From the desk of Mitchell Stein
Before we get started, a scheduling note – with the approaching Labor Day holiday, there won’t be an edition next week, August 31. We’ll all meet back here in two weeks Friday, September 7 – until then remember, it’s chaos, be kind. Now, on to the news where this week we’ll look at:
ICER in the News – Draft report on hereditary angioedema attacks, draft scoping document on AVXS and Nusinersen for spinal muscular atrophy, more on the CVS announcement, drug price policies to promote equity, and patient-reported outcomes
Inside the Beltway – prices in drug ads (2 articles), 100-day report on the Administration’s drug plan (2 articles), what the Administration thinks about PBMs, real-time oncology reviews, biosimilar agreement disclosures, and review of state activities on drug pricing
Industry Trends – the need for more comparative effectiveness research, when the copay is more than the cash price, primer on lowering drug prices, coordinating prescriptions, melanoma/brain developments, and a reporter talks about begining her cancer journey
Now, on to the news.
ICER In The News
ICER released a Draft Evidence Report assessing the comparative clinical effectiveness and value of therapies for long-term prophylaxis against hereditary angioedema attacks. The draft report will be open to public comment until September 20, 2018. ICER’s report includes four therapies for the prevention of hereditary angioedema attacks: lanadelumab (Shire), which is currently under review by the FDA with an approval decision expected in August 2018, and three C1 inhibitors (Haegarda, CSL Behring; Cinryze, Shire; and Ruconest, Pharming). The report will be subject to deliberation during a public meeting of the California Technology Assessment Forum, in October of 2018.

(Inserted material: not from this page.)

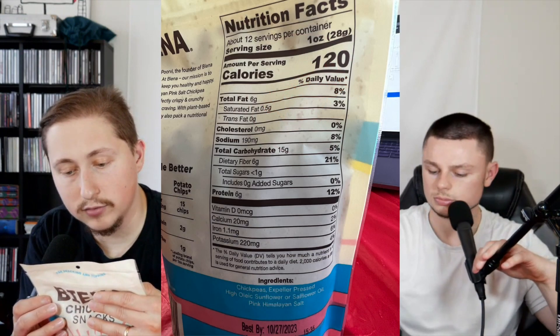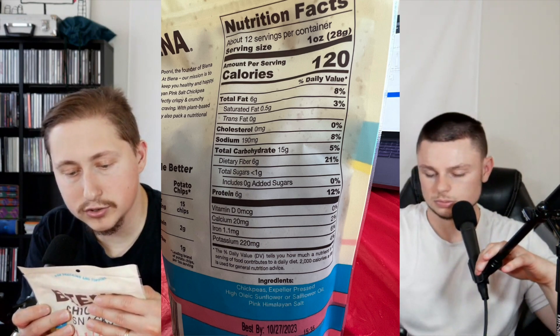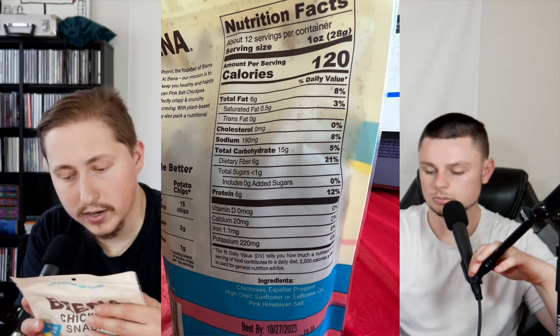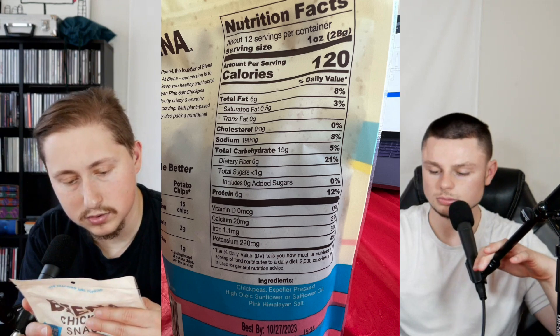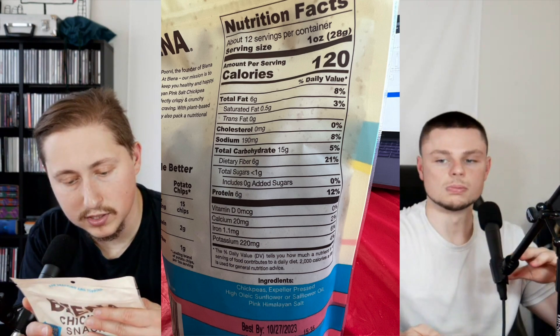Going to the back — the nutritional facts: there are 12 servings per container. Serving size is one ounce, 28 grams. Calories: 120. Total fat: six grams. No cholesterol. Sodium: 190 milligrams. Total carbohydrate: 15 grams. Dietary fiber: six grams. Total sugars: less than one gram, zero grams added sugar. Six grams of protein per serving. Calcium: 20 milligrams. Potassium: 220 milligrams. About 50 chickpeas per serving is like 15 potato chips. It has six grams of protein versus two grams in potato chips — and potato chips are not good for you.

Institute for Clinical and Economic Review Releases Draft Evidence Report on Long-term Treatments for Prevention of Hereditary Angioedema Attacks
ICER has posted a Draft Scoping Document outlining a planned review of the comparative clinical effectiveness and value of AVXS-101 (AveXis) and nusinersen (Spinraza, Biogen) for the treatment of spinal muscular atrophy (SMA). The scoping document will be open to public comment until September 12, 2018. Nusinersen was approved in 2016 for treatment of SMA in both children and adults. AVXS-101 is a gene therapy currently being studied for use in infants with SMA, and an FDA decision is expected in the first quarter of 2019. ICER’s report on these therapies will be the subject of a March 2019 meeting of the New England Comparative Effectiveness Public Advisory Council.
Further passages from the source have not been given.